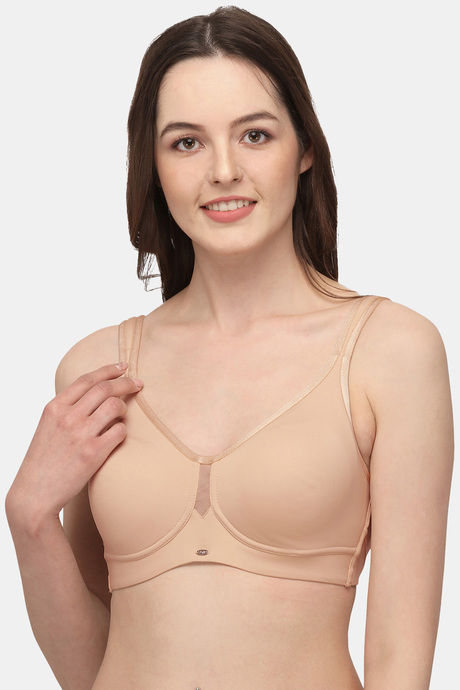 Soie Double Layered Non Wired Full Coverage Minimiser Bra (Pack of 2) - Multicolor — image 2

· · · · ·

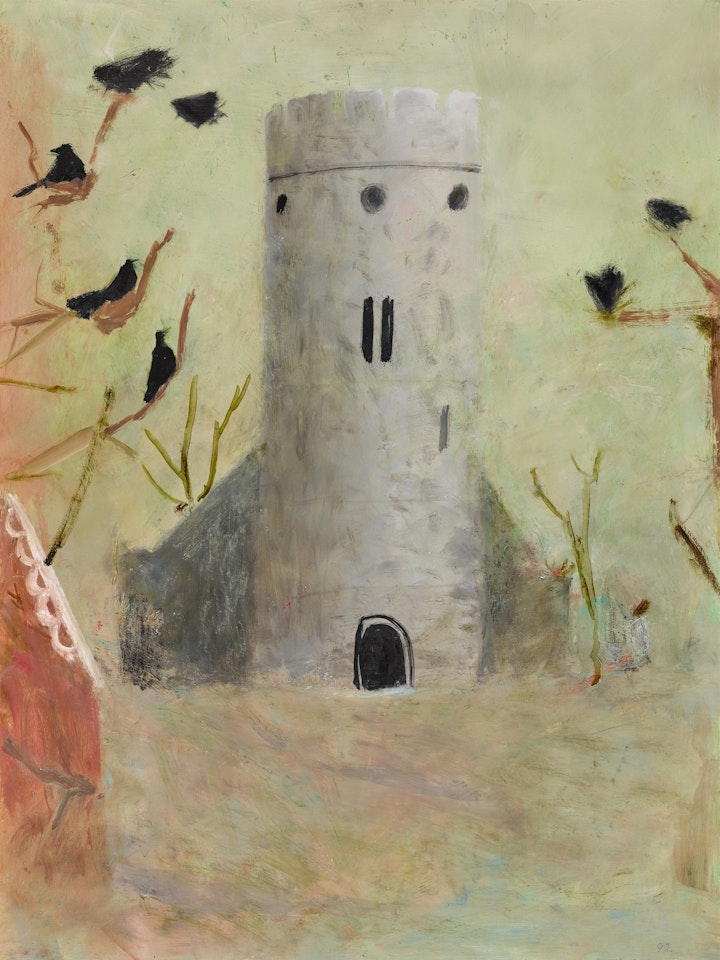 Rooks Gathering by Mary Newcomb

· · · · ·

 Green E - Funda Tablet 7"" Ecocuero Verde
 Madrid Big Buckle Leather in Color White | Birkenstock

· · · · ·

*What to produce:* Copy verbatim, from the listing above, each line from the one containing "Green E - Funda" down to the one containing "Madrid Big Buckle", inclusive.

*Written reply:*
 Green E - Funda Tablet 7"" Ecocuero Verde
 Madrid Big Buckle Leather in Color White | Birkenstock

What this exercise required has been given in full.